If niece was old enough to go there without daddy, and was old enough to invite friends, then she's old enough to manage those friends and to accept responsibility for the damage that *her invited friends* did to your property and pay for proper repairs. OP, look at it this way: she and her friends saved money by using your cottage for free. Now's the time to take that money they saved and make it right with you. Maybe she needs to save it, but she needs to make it right. She's a grown-up, and she should start acting like one. (refer back to first sentence of this paragraph.)
OP, I think we all get that you want to be generous with your family. But the thing is....they don't appreciate it, and they don't see it as you being generous. They see it as if they're entitled to it, which they're not. So that idea of being generous goes right out the window. What if you'd put the money into a program where you got to go on a cruise once a year? Would you feel the need to give away your yearly cruise just because you had entitled relatives? I hope not.
I like the idea of letting all and sundry know a few ground rules. First, that you have, in good faith, lent the cottage to various relatives. You were trying to be nice and let them use it for free, yet your thank you from them was that people ate all of your food, left your home filthy, and in one case actually damaged your property. Ask the question--point blank--'how is this even remotely okay?' And then some people have started arguing with you about when they think they should use your property. Again, how is this okay?

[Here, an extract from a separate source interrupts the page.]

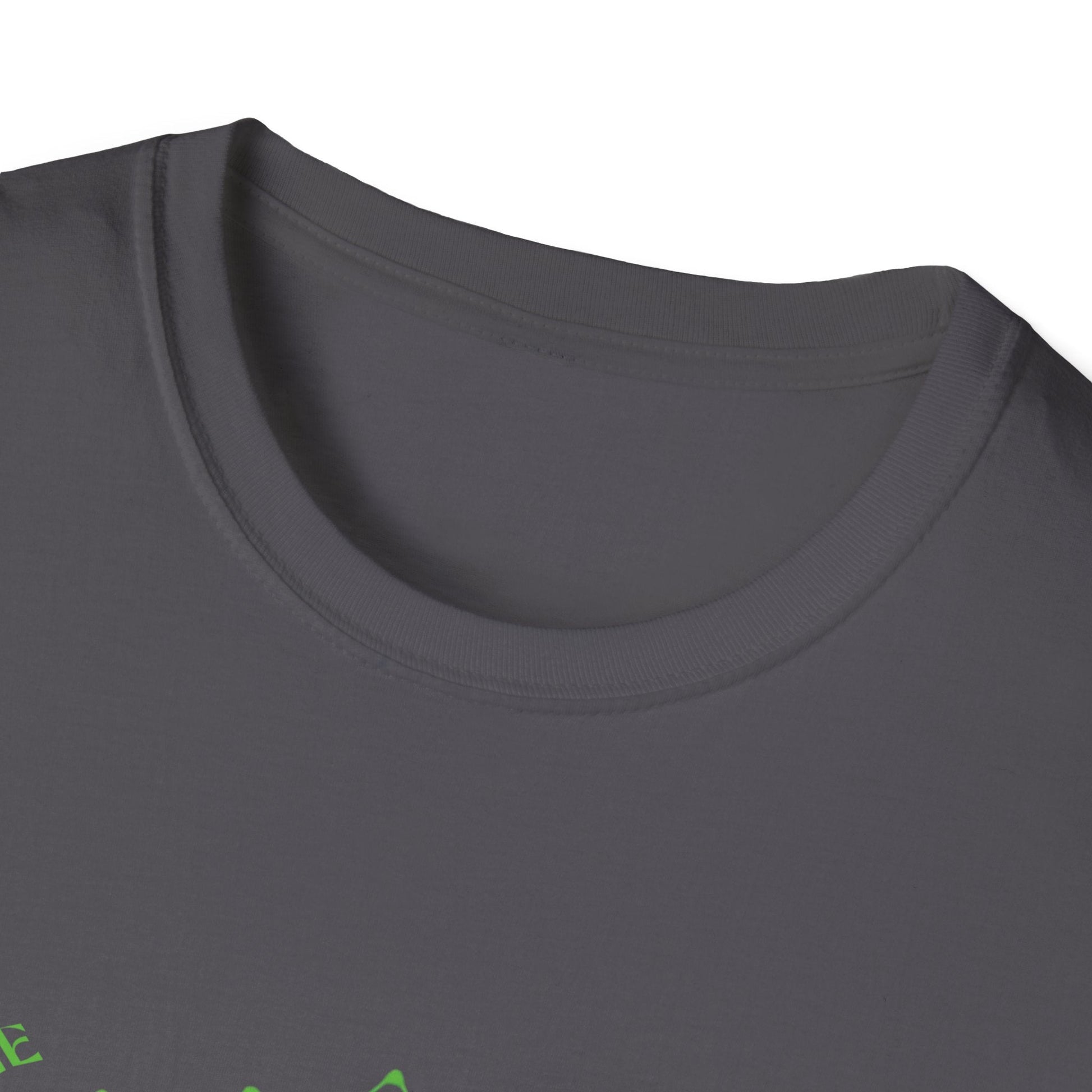 "Reboot, Reincarnate — Cycles Within Tee" Printify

I would start harassing the niece about the damages. Tell her you want quotes. Or tell her you have a quote and you expect the money by X date. Like I said, if she's old enough to stay there alone, she's old enough to accept responsibility. Welcome to adulthood, honey.

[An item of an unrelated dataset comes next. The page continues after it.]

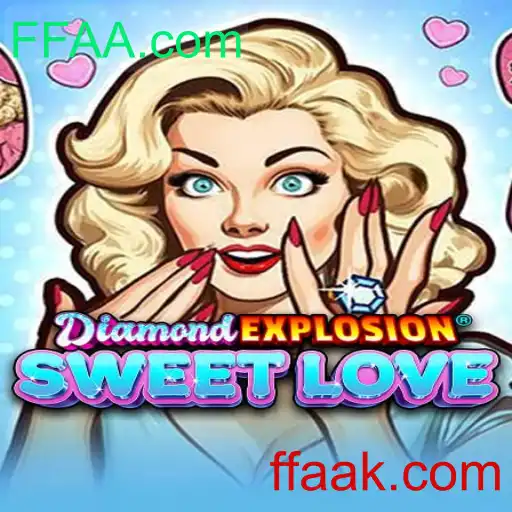Explorando as Aventuras de DiamondExplosionSweetLove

And again, OP, I know you want to be nice, but the thing is that your family has no respect for you or your belongings. Start being a little bit less nice and they'll either leave you alone or 'man up'. And note: when I say less nice, I mean not rolling over and accommodating their every whim. You can be perfectly polite, but you can call them on their entitlement. "You expect me to give up MY cabin for Easter? Yeah, it's mine, and I can go there whenever I want, and I want Easter! That IS why I BOUGHT the cabin...duh....so I could use it whenever *I* wanted to."